━━━━━ Records supplied ━━━━━
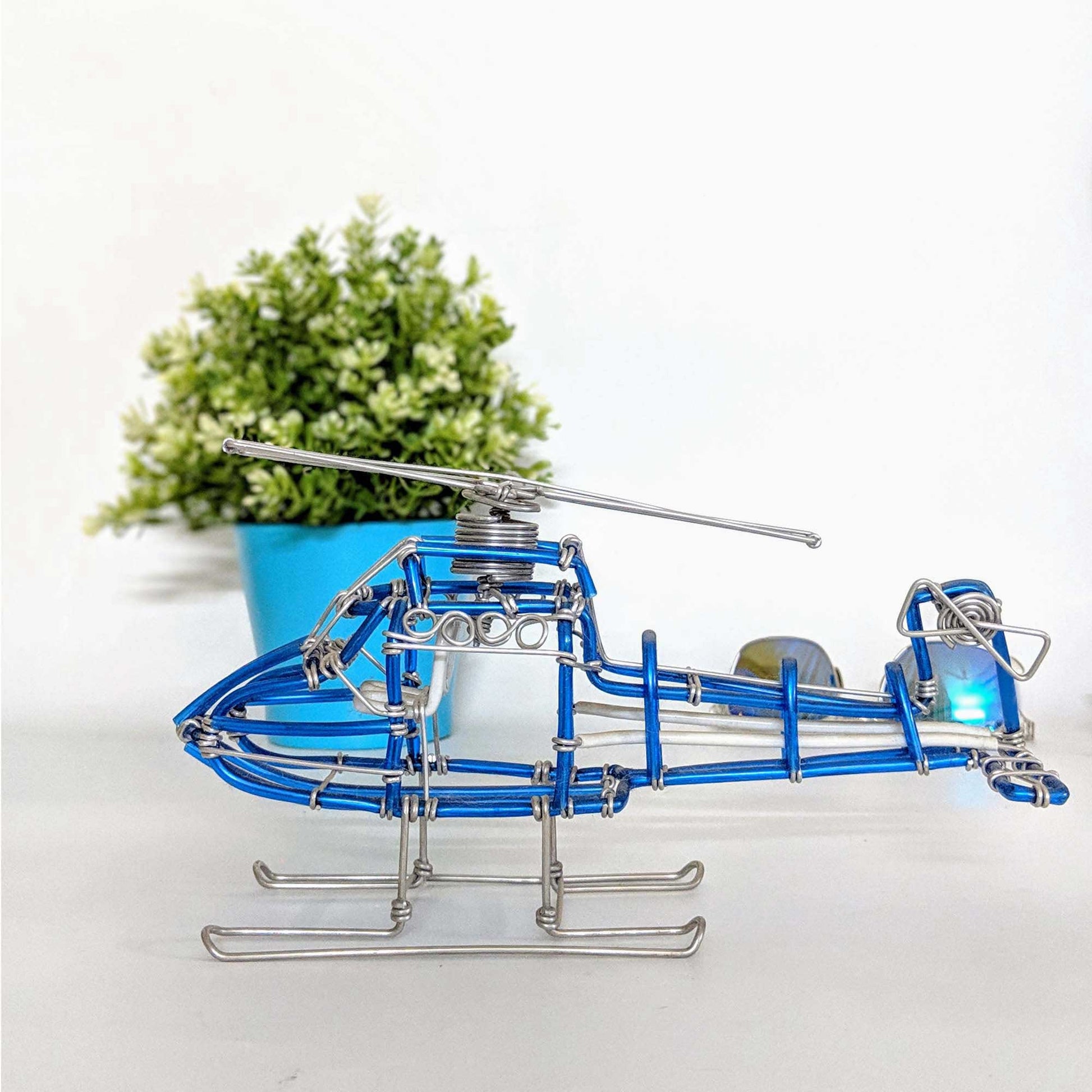 Miniature Wire Art Helicopter hand-crafted from aluminium wire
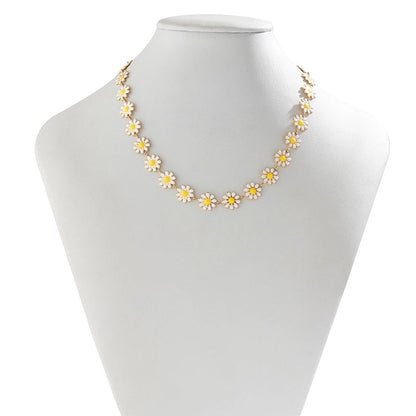 Copper IG Style Sweet Enamel Flower Bracelets Necklace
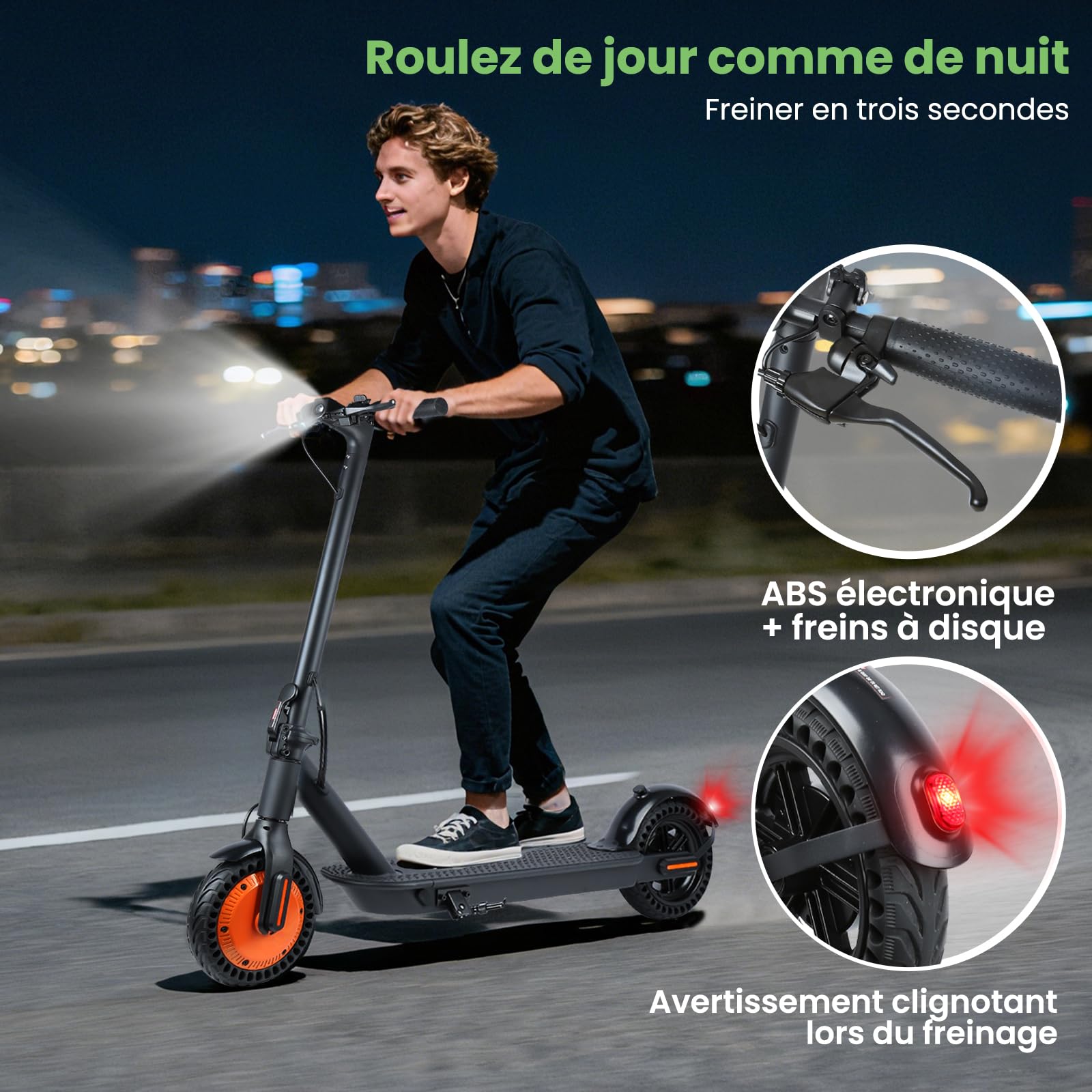 Trottinette Électrique Adulte,Autonomie 20km,Pneu Plein 8,5,Moteur 350w,3 Modes+Cruise,Double Freinage,Offrir des Cadeaux,Aller à l'école/Travailler/Camping-Noir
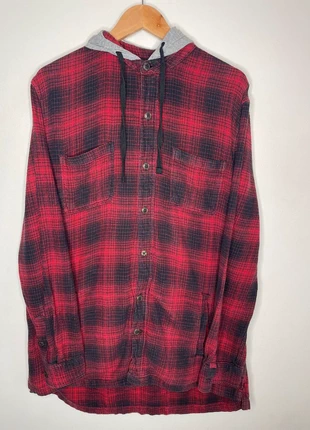 Men’s Red & Black Foundry Thick Check Flannel Shirt L – Warm Cotton Overshirt, brand: Foundry, condition: Very good, size: L, £12.00, £13.30 includes Buyer Protection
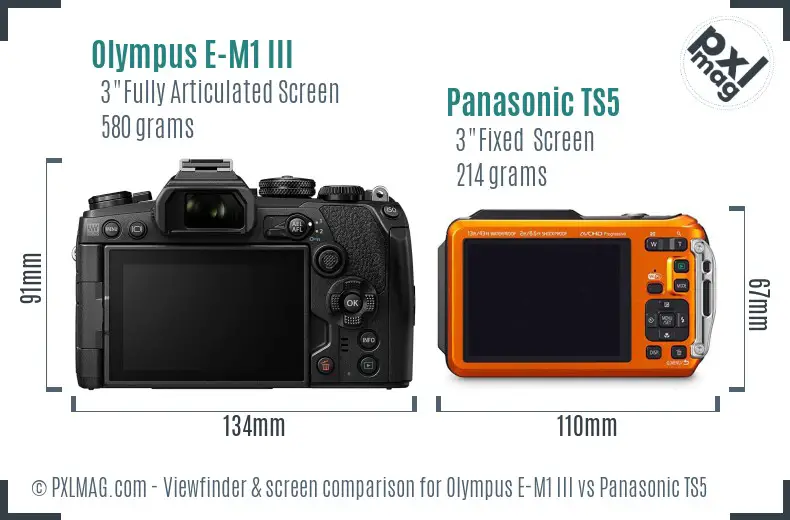 Olympus E-M1 III vs Panasonic TS5 Screen and Viewfinder comparison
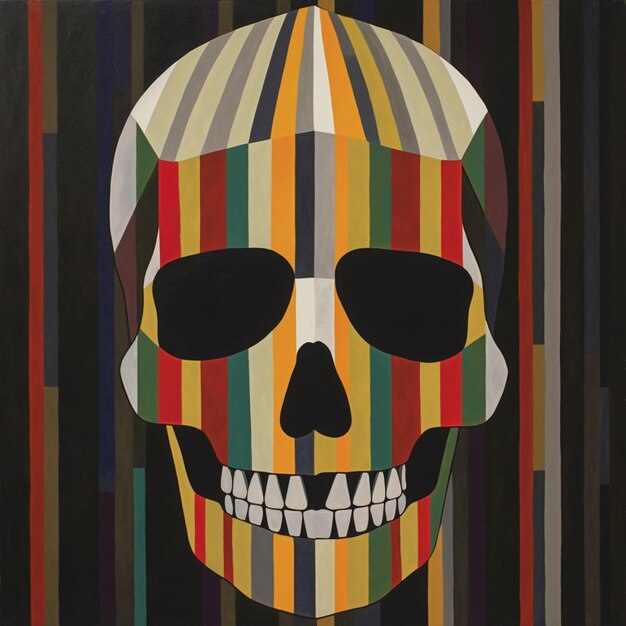 A colorful skull with a white skull on it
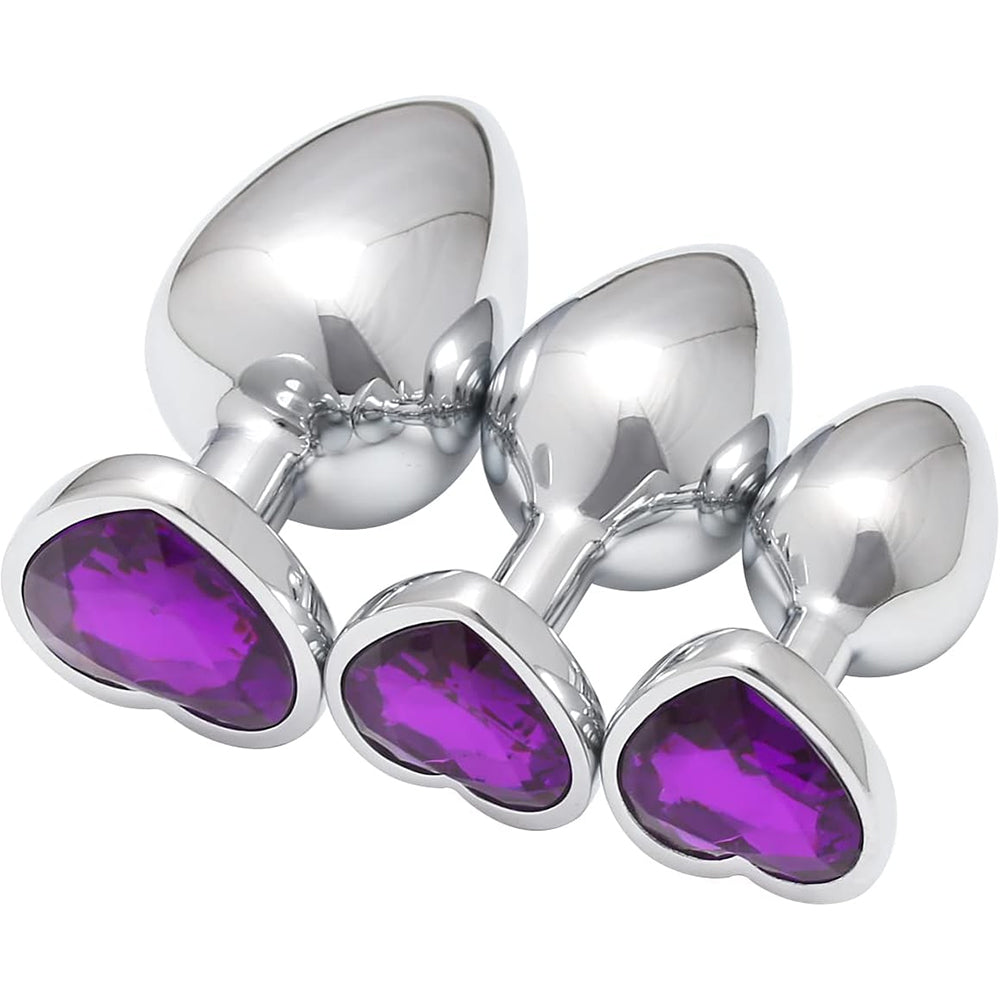 3 Pcs Luxury Jewelry Design Anal Butt Plug (Transparent/Heard Shape)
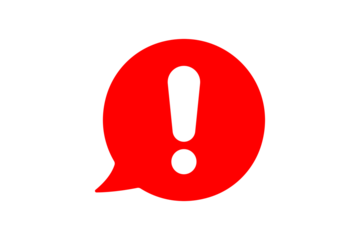 Red exclamation mark inside a speech bubble, isolated on transparent background, symbolizing a warning or important notification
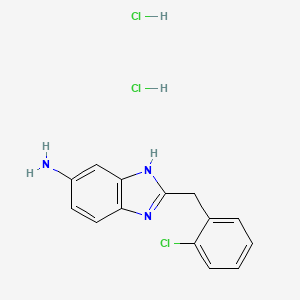 molecular formula C14H14Cl3N3 B7950509 2-(2-chlorobenzyl)-1H-benzo[d]imidazol-5-amine dihydrochloride 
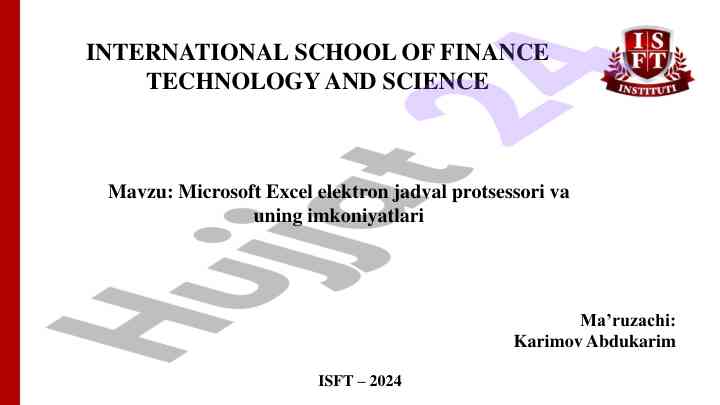 Microsoft excel elektron jadval protsessori imkoniyatlari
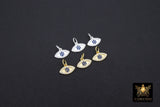 925 Sterling Silver Evil Eye Charms, 6 mm Gold CZ Micro Pave Blue Evil Eyes Charms #3508, Tiny Round Minimalist Jewelry Charm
━━━━━
### Work required:
Reproduce word for word the lines running from the line with "A colorful skull with a white skull on it" through the end of the data, both included, and nothing else; leave out the pictures.

### Written response:
 A colorful skull with a white skull on it
 3 Pcs Luxury Jewelry Design Anal Butt Plug (Transparent/Heard Shape)
 Red exclamation mark inside a speech bubble, isolated on transparent background, symbolizing a warning or important notification
 molecular formula C14H14Cl3N3 B7950509 2-(2-chlorobenzyl)-1H-benzo[d]imidazol-5-amine dihydrochloride 
 Microsoft excel elektron jadval protsessori imkoniyatlari
 925 Sterling Silver Evil Eye Charms, 6 mm Gold CZ Micro Pave Blue Evil Eyes Charms #3508, Tiny Round Minimalist Jewelry Charm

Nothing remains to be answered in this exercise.